At FAIR we believe that everyone should have some exposure and experience with a general purpose programming language, it is not necessary to be an expert at programming (or in a particular programming language) to be useful. The idea of the workshop is to be together in way that is sufficiently intense for everyone to get started and practice writing a bit of Python using their own computer; we want to encourage everyone to think about automating boring tasks, and develop their own skills. No prior experience with Python is necessary, if you have experience writing do-files or R-scripts, you should be sufficently prepared!
The philosophy of the workshop is to start with basic Python constructs and explore what we can do with even very basic Python. Often there will be very elaborate libraries available that can solve tasks very efficiently, but getting to know these libraries can feel overwhelming. We start from scratch, and then only later will indicate how adopting efficient libraries can speed up both the writing and the execution of programs.

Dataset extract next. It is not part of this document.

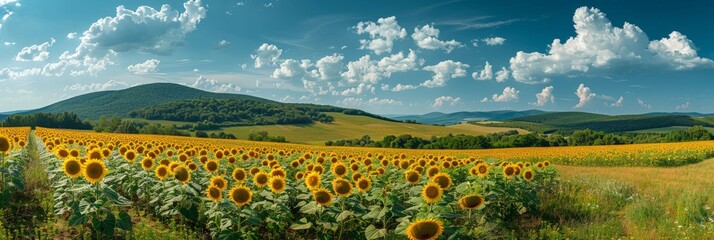 Poster - A vast field of vibrant, towering sunflowers stretches towards a majestic mountain in the distance, under a clear blue sky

It is difficult to fit a full one-day workshop into the schedule at FAIR, and instead the plan is to split the workshop over two consecutive days.
There will also be a pre-workshop session to help everyone get Python and necessary tools installed on their computer such that it is possible to actively follow the workshop.
- Introduction. Thursday 2023-03-23 at 0900-1100 in FAIR-1. Getting started with Python, basic syntax. Motivating example: How to get Python to solve general nonlinear equations of one variable.
- Input and output. Thursday 2023-03-23 at 1330-1530 in FAIR-1. How to read and write data from disk. Running example: How to read data from an experiment, match participants, draw payments and write payment file to disk.
- Building simple data structures. Friday 2023-03-24 at 1330-1530 in FAIR-1. Building larger structures depend on breaking things down (more smaller pieces) but also bundling different pieces of data together (fewer but larger pieces). Running example: How to bundle numbers into vectors and matrices for simple linear algebra operations.
At a later occasion (to be determined), we will follow up with a session on
- What are “libraries” and how are they useful. Looking at the examples from sessions 1-3, is it possible to rely on the work of experts such that we can write more succinct and efficient code? Yes! We’ll look at some of the popular libraries that would have been very useful for solving the example tasks from the workshop.